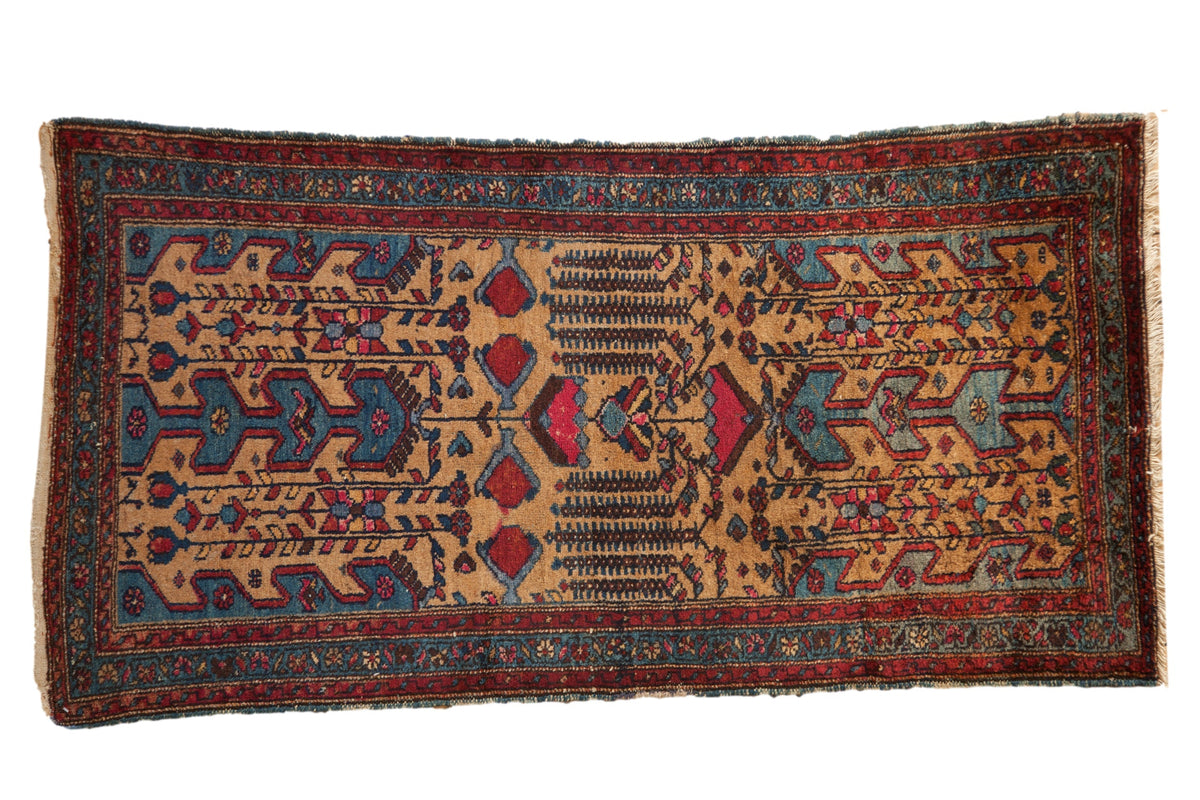 3.5x6.5 Vintage Mehreban Rug by Old New House® - main product image for Resin Society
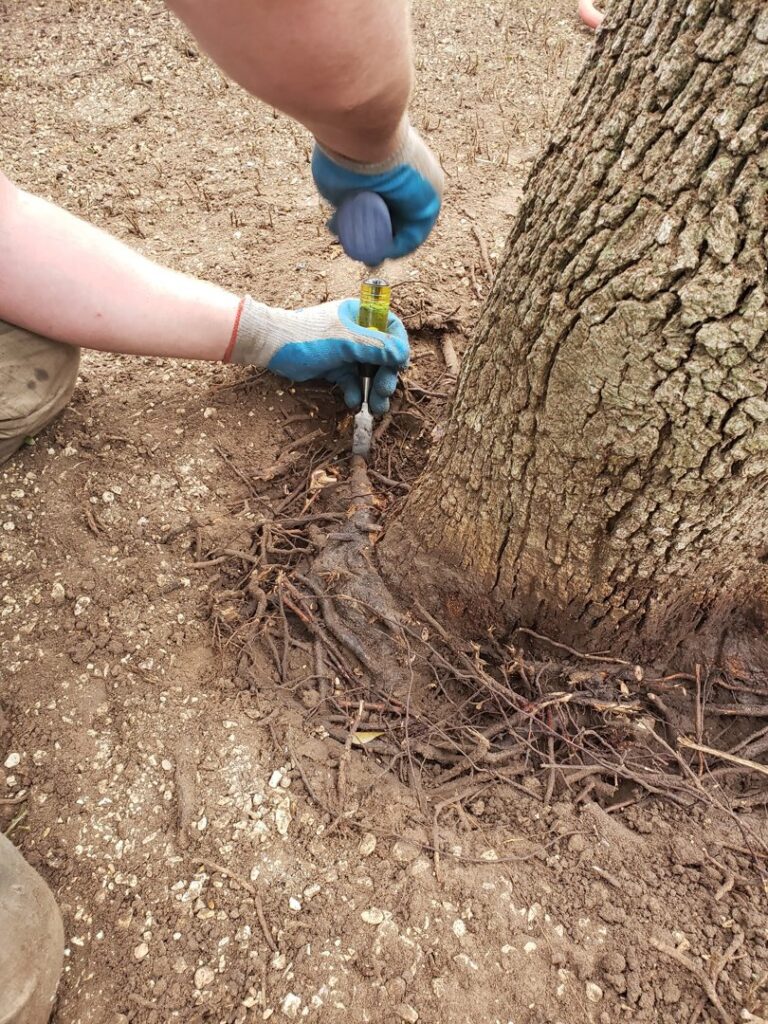 A tree service worker performing root collar excavation or similar work on tree roots, by The Tree Amigos in Austin, TX.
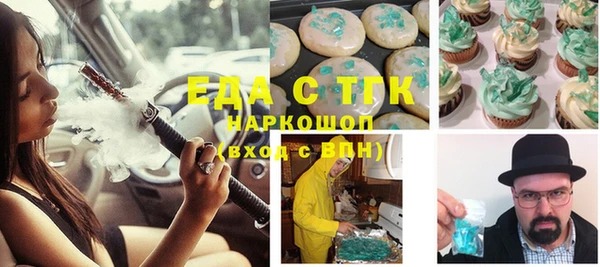 МДПВ Пересвет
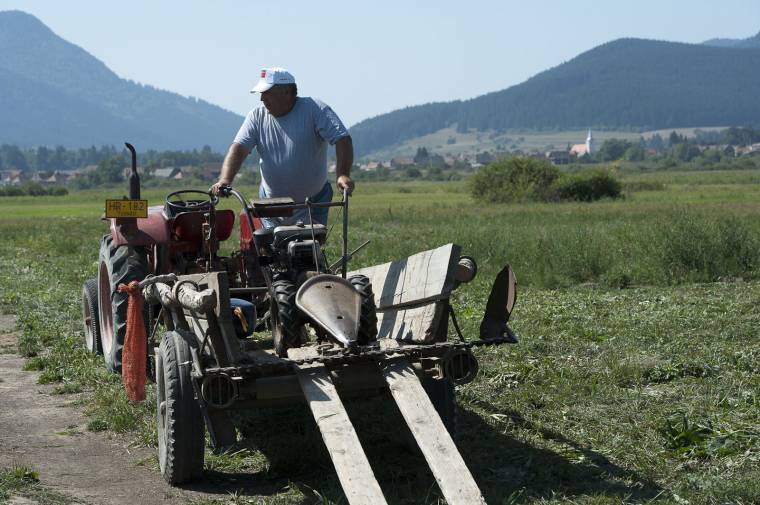 Kusza birtoklevél-helyzet Tusnádon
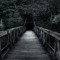Dawid Turalski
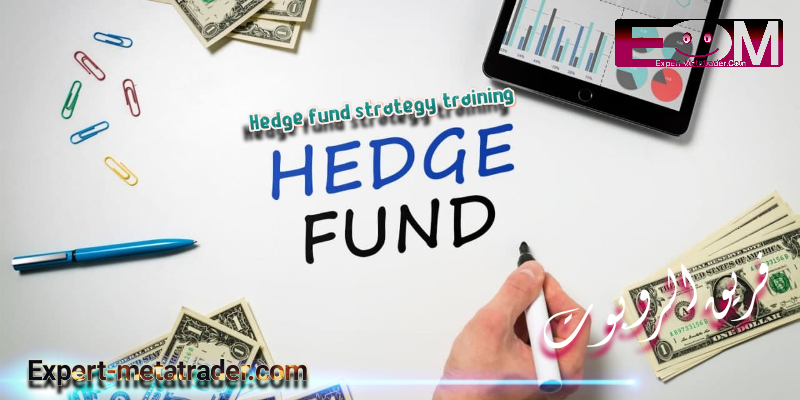 Hedge fund strategy training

Exercise objective: Would you restate the listing word for word without its pictures?

Written solution:
 3.5x6.5 Vintage Mehreban Rug by Old New House® - main product image for Resin Society
 A tree service worker performing root collar excavation or similar work on tree roots, by The Tree Amigos in Austin, TX.
 МДПВ Пересвет
 Kusza birtoklevél-helyzet Tusnádon
Dawid Turalski
 Hedge fund strategy training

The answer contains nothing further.